Keywords : Ilmu Sosial, Profetik

A. Pendahuluan
Dalam ajaran agama Islam, hubungan Al Quran dengan ilmu sosial sangat bersangkutan. Bentuk tingkah laku dan amal perbuatan manusia harus berpedoman kepada Al Quran dan Sunnah Rasulullah. Karena melalui Al Quran sesorang dapat berperilaku sesuai dengan syari’at Islam. Kadang juga manusia lalai dan tidak tahu mempergunakan pemikiran akal dan perasaan karunia Allah itu, untuk hal-hal yang bisa mengantarkannya kepada keselamatan dan kebahagiaan dirinya.[1]
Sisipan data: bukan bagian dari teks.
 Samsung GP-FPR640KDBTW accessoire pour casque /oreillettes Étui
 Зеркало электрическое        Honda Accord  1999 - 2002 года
Seiring berjalannya waktu, ilmu terus berkembang dari yang sempit menjadi luas. Keadaan tersebut mengakibatkan terbentuknya cabang-cabang ilmu. Salah satunya yaitu ilmu sosial. Ilmu sosial saat ini terlanjur dikemangkan dengan asumsi bahwa ilmu dan agama merupakan dua hal yang terpisah dalam mempengaruhi perkembangan ilmu sosial. Oleh karena itu, seorang ilmuwa Indonesia yang bernama Kuntowijoyo terinpirasi mencetuskan salah satu cabang dari ilmu sosial, yaitu ilmu soial profetik.
Ilmu sosial profetik ini, merupakan alternatif dalam ilmu sosial yang cenderung mudah dipengaruhi pemikiran-pemikiran barat dipadukan dengan pemikiran-pemikiran timur yang cenderung religius. Profetik sendiri berasal dari bahasa Inggris “prophet” yang berarti Nabi. Jadi, diharapkan dengan adanya ilmu profetik ini memiliki sifat seperti Nabi yang sadar akan keadaan sosial. Dimana Nabi adalah orang yang memiliki orientasi dan visi ke depan.
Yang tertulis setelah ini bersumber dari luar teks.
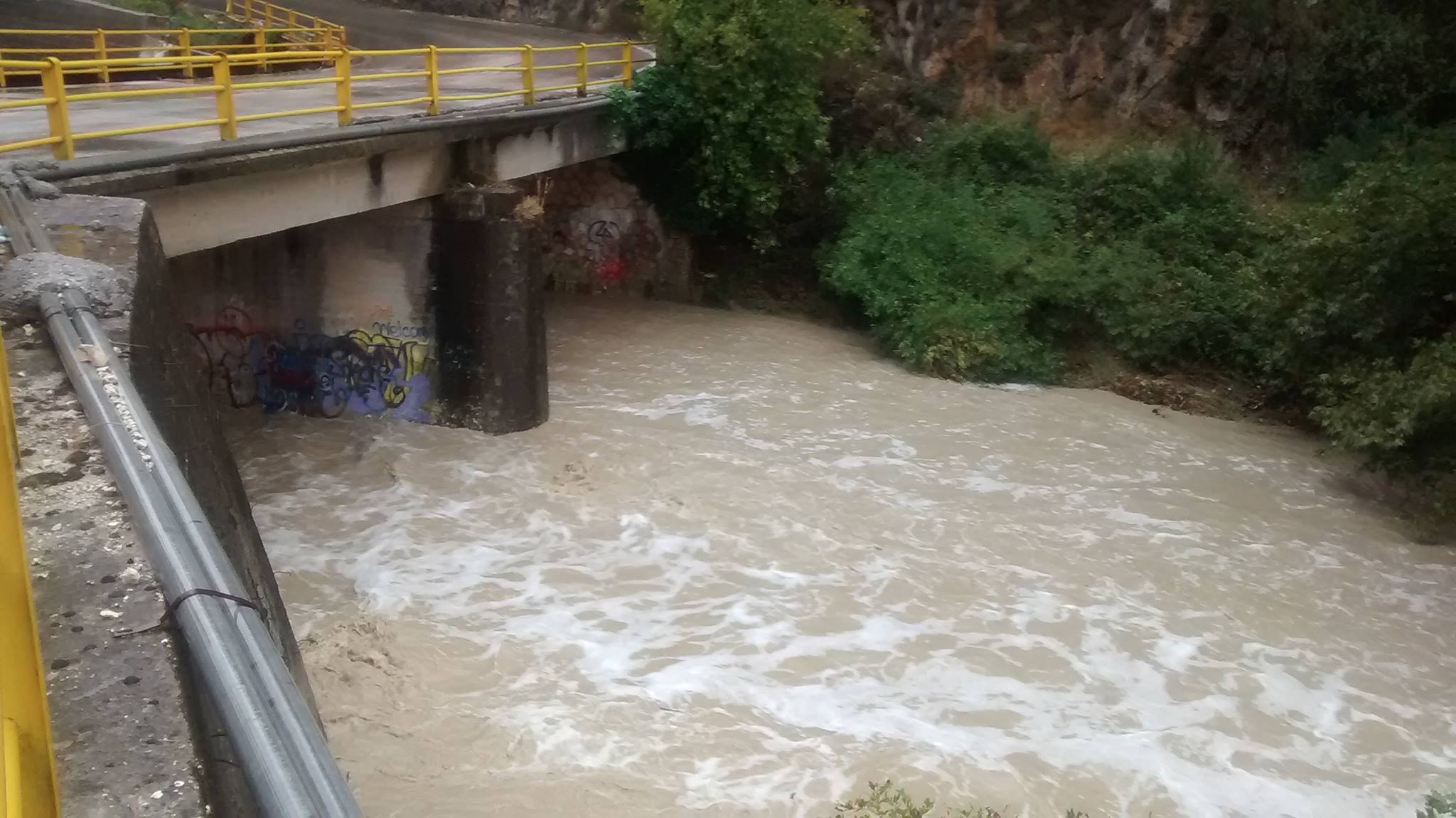 14258179_10210196652743455_6930513116645624882_o 14258179_10210196652743455_6930513116645624882_o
Upaya seperti ini, tidak bermaksud mengembalikan seperti pada zaman Nabi, akan tetapi hal tersebut digunakan sebagai semangat pergerakan membumikan nilai-nilai yang telah ia perjuangkan. Dan tentunya dengan konstruksi intelektual yang kontekstual pada zaman ini. Sebagai makhluk sosial, tentunya tidak boleh hanya dengan diam saja, tetai harus bertransformasi dengan tetap memperhatikan tiga unsur yang dikemukakan oleh Kuntowijoyo yaitu humanisme, liberasi, dan transendensi untuk menggapai cita-cita yang sesuai dengan keinginan masyarakat.
B. Biografi Kuntowijoyo
Sebagai salah satu seorang cendekiawan muslim yang khas, dia akrab disapa dengan sapaan kunto, dia juga dikenal sebagai sejarawan, sastrawan dan budayawan. Ia lahir di tepi pantai selatan DIY, di desa sorobayan, sanden, bantul Yogyaarta pada tanggal 18 September 1943 dai adalah aank ke dua dari 9 bersaudara, ayahnya H. Abdl Wahid SOSromartojo ibunya Hj. Warasti.
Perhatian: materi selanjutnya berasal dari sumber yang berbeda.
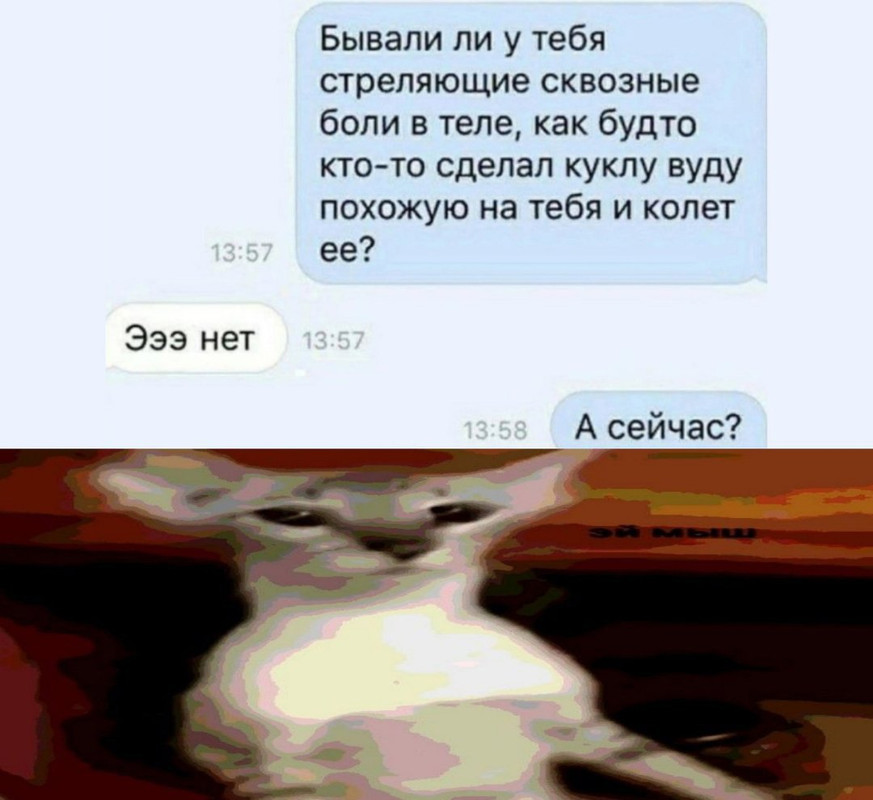 BoDq4ChT7KA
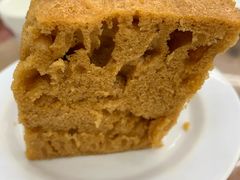 马拉糕-香港蓮香樓(中環店)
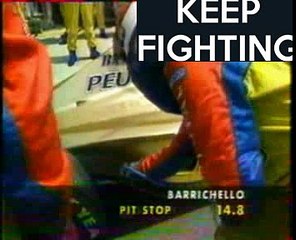 08 GP Canada 1996 p3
Bagi Kunto, corak perkembangan intelektualnya banyak dipengaruhi oleh Prof. Dr. Sartono Kartodirjo. Seorang dosen sekaligus sejarawan kenamaan yang juga menekuni bidang sejarah sosial, yang menurut pengakuan Kunto selalu menganjurkan untuk tidak percaya pada reduksionisme, menganjurkan plurikausalitas dan pendekatan multidimensional dalam sejarah.[2]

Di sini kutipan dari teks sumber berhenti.